Task to carry out:
In the material below, begin at the line that has "You can write SSH, and", stop after the line that has "Congratulations! You are", and transcribe those lines exactly, without pictures.

Dataset excerpts:
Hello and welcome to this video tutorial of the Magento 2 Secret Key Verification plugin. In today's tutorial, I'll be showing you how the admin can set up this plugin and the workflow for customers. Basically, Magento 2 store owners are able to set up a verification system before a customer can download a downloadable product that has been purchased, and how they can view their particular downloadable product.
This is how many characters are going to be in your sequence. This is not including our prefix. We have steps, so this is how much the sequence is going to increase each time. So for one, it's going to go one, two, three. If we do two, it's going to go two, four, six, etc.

---

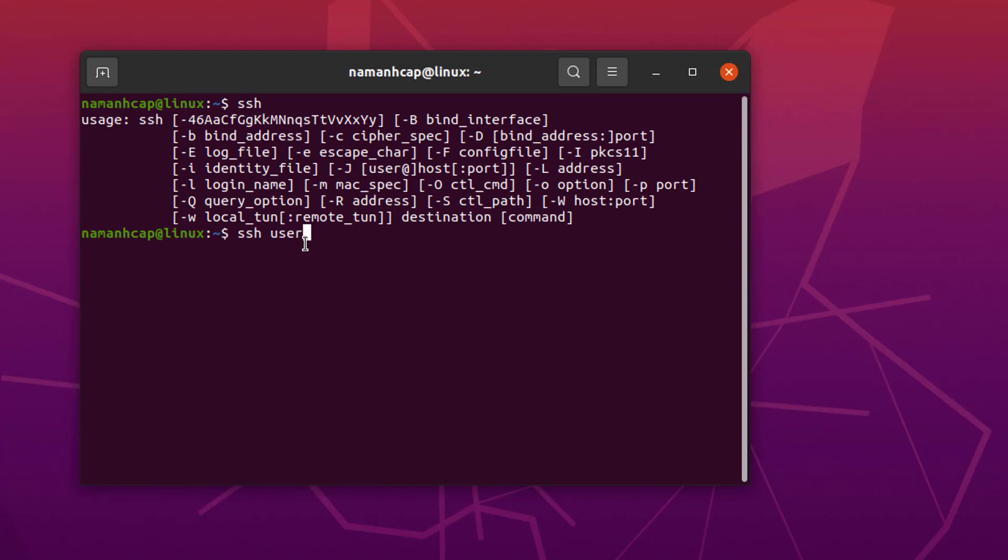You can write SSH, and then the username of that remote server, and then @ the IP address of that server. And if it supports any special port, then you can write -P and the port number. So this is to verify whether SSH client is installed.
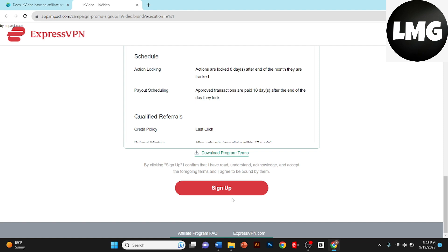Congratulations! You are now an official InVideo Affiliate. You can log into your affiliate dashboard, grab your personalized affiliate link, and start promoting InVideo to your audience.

Reply to the task:
You can write SSH, and then the username of that remote server, and then @ the IP address of that server. And if it supports any special port, then you can write -P and the port number. So this is to verify whether SSH client is installed.
Congratulations! You are now an official InVideo Affiliate. You can log into your affiliate dashboard, grab your personalized affiliate link, and start promoting InVideo to your audience.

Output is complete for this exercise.